Figures from Numerica show that if the limit stays at the level proposed by the Government rather than the £2m demanded by the industry, the Treasury would reap a £7.2bn benefit.
The Treasury says the limit will only affect 5,000 people but argues that raising it to£2m would not be sustainable.
It claims that its proposals will increase the amount of pension tax relief it is granting by between £5m and £300m a year as the maximum amount of tax-free cash available per person will be increased to £350,000 from the current level of £150,000.
The research from Numerica tax director and head of economics Maurice Fitzpatrick is based on an estimate by pension consultant Mercers that 600,000 people will be affected by the £1.4m cap.
Mercers says its figure takes into consideration the number of people who will be affected over the next three years because the cap will be linked to prices rather than earnings.

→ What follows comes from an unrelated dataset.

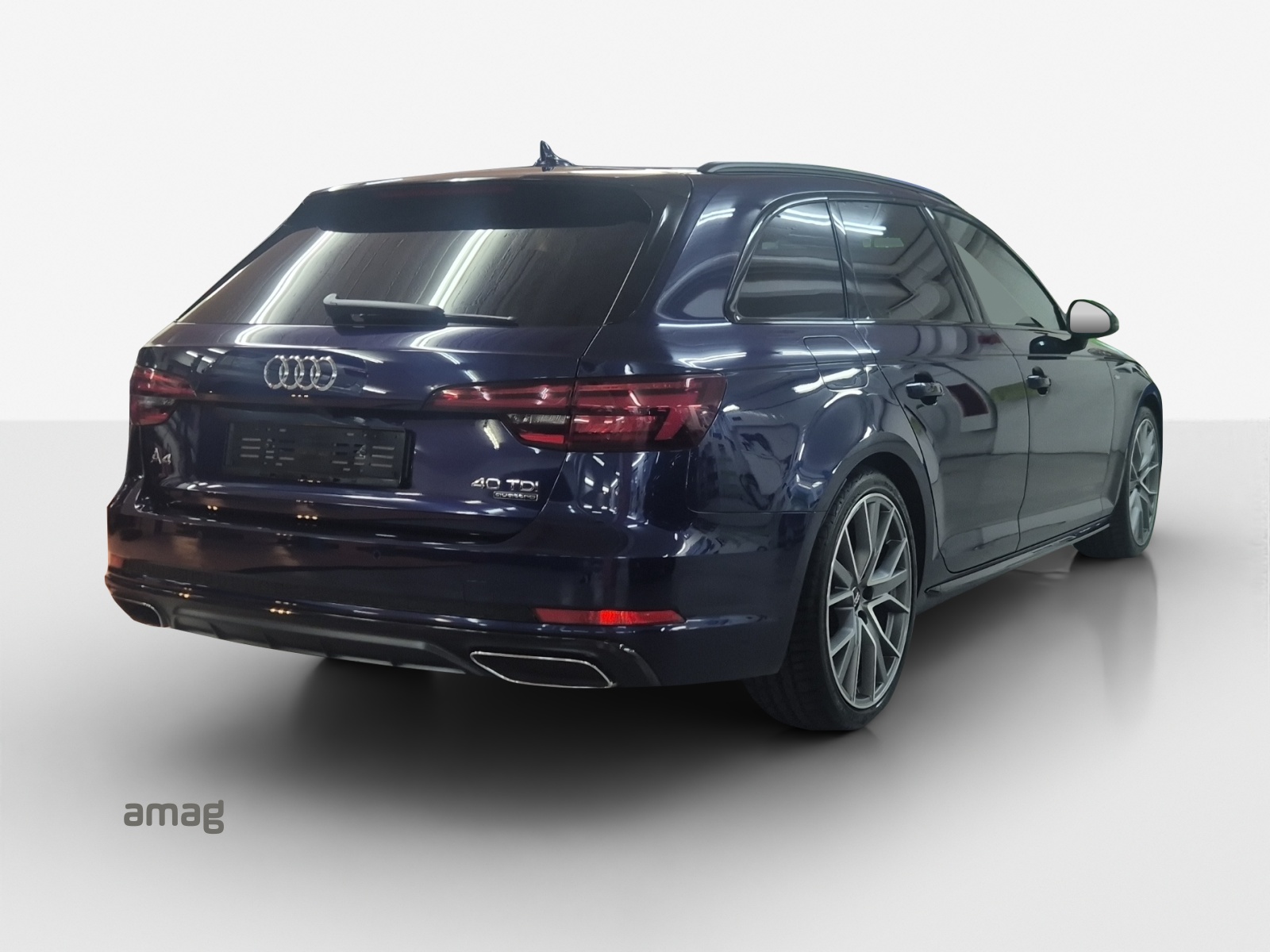 AUDI A4 Avant 40 TDI quattro S-tronic-image-4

A Treasury spokesman says: “We would dispute these figures and believe that the figures contained in our report are robust.
“The change in the pension tax system will cost up to £300m a year and we will publish a report detailing this before the end of the year.”
Scottish Life head of pensions strategy Steve Bee says: “We need to ask if this is really a revenue-raising initiative. It is a happy accident. The knock-on effect will be on the decision-makers who are going to end up paying quite a lot more tax.
“I have always been concerned about the unintended consequences of this policy. It could kill off what has been a flourishing private pensions industry.”